2. 'const' applies to 'a' rather than to the value of a (constant pointer to char )
*a='F' : legal
a="Hi" : illegal

3. Same as 1.

2)

main(){
  int i=5,j=10; 
  i=i&=j&&10; 
  printf("%d %d",i,j); 
} 
 

Answer:
1 10
Explanation:
The expression can be written as i=(i&=(j&&10)); The inner expression (j&&10) evaluates to 1 because j==10. i is 5. i = 5&1 is 1. Hence the result.

3)

main() {
  int i=4,j=7; 
  j = j || i++ && printf("YOU CAN"); 
  printf("%d %d", i, j); 
} 

Answer:
4 1
Explanation:
The boolean expression needs to be evaluated only till the truth value of the expression is not known. j is not equal to zero itself means that the expression’s truth value is 1. Because it is followed by || and true || (anything) => true where (anything) will not be evaluated. So the remaining expression
is not evaluated and so the value of i remains the same.
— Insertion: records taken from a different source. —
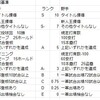 【プロ野球小ネタ】過去5年のドラフトを“即効度”で評価してみる（2013～2017年）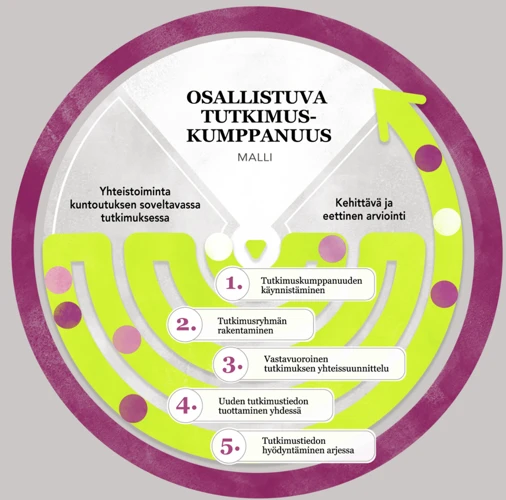 Suomalaisten Unikokemukset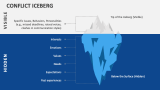 Conflict Iceberg - Slide 1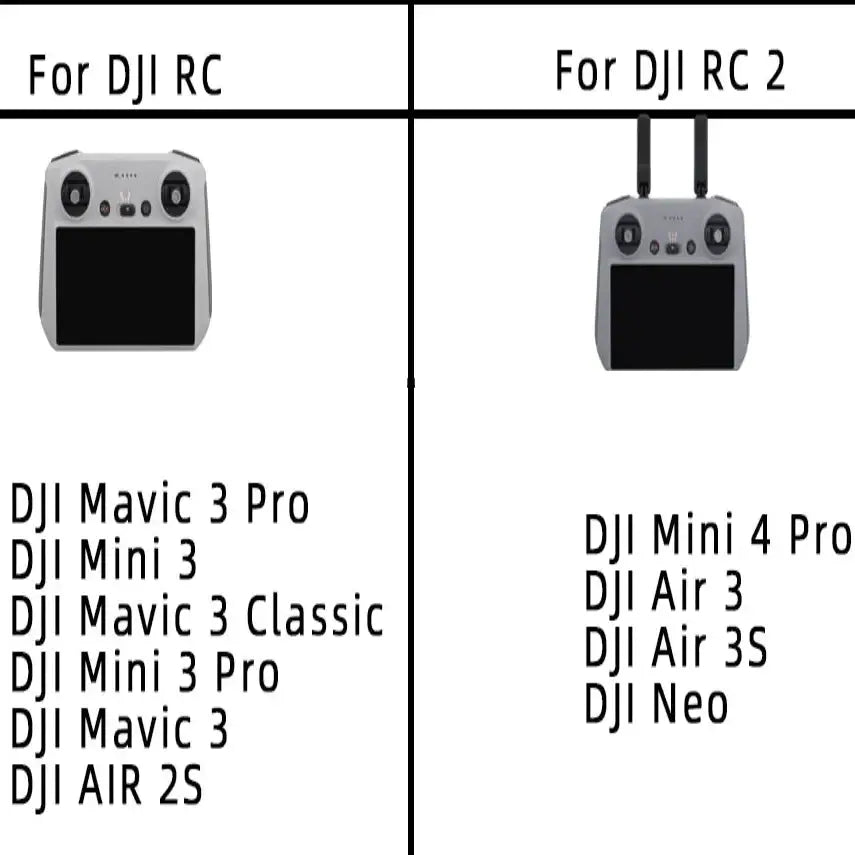 DJI RC 2 Full Screen Sunshade Protector - HBC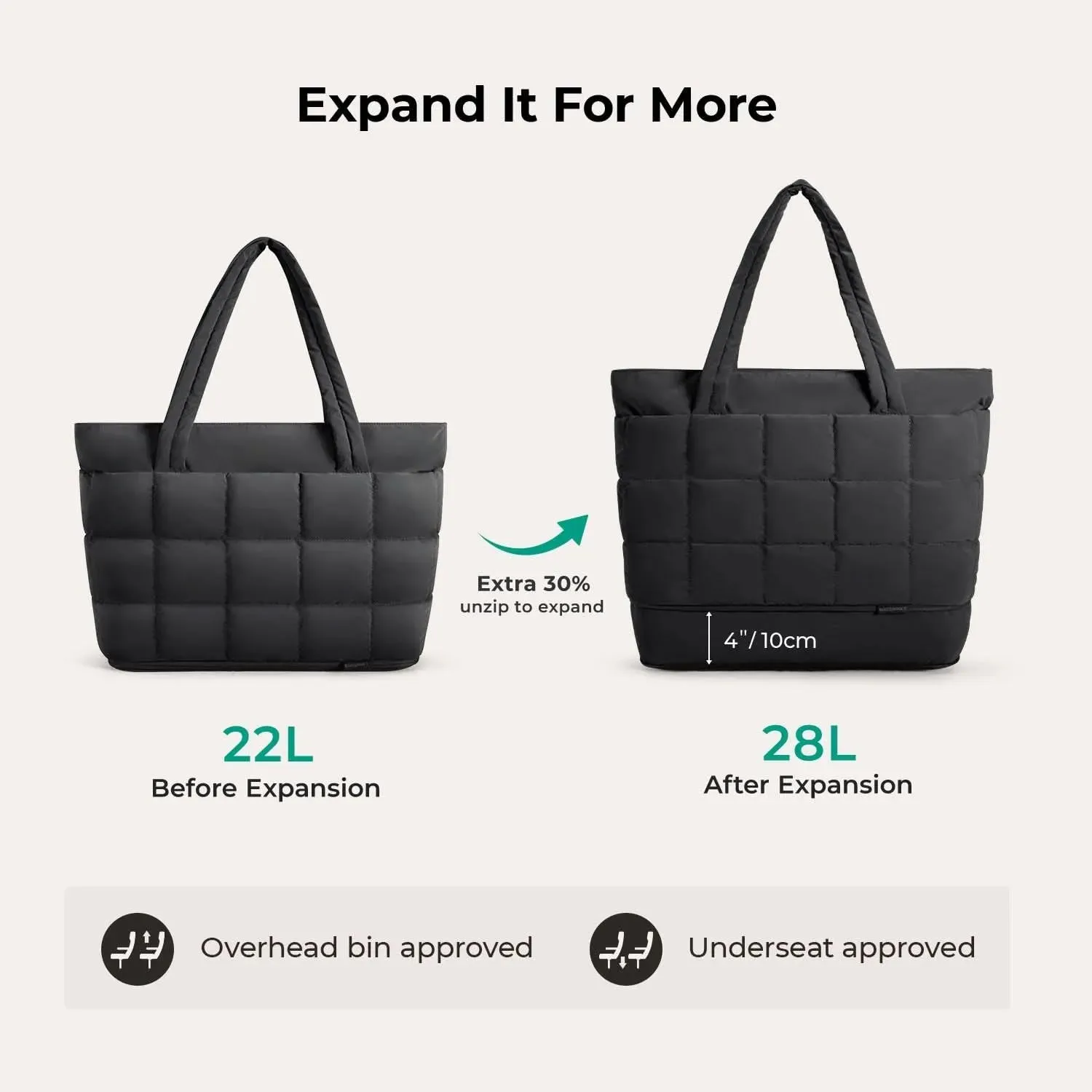 Bubble 22L-28L Expandable Puffer Travel Tote Bag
Similarly when && operator is involved in an expression, when any of the operands become false, the whole expression’s truth value becomes false
and hence the remaining expression will not be evaluated. false && (anything) => false where (anything) will not be evaluated.

4)

main() {
  register int a=2; 
  printf("Address of a = %d",&a); 
  printf("Value of a   = %d",a); 
}

Answer:
Compier Error: '&' on register variable

& (address of ) operator cannot be applied on register variables.

5)

main() {
    float i=1.5; 
  switch(i) {
    case 1: printf("1"); 
    case 2: printf("2"); 
    default : printf("0"); 
  } 
} 

Answer:
Compiler Error: switch expression not integral
Explanation:
Switch statements can be applied only to integral types.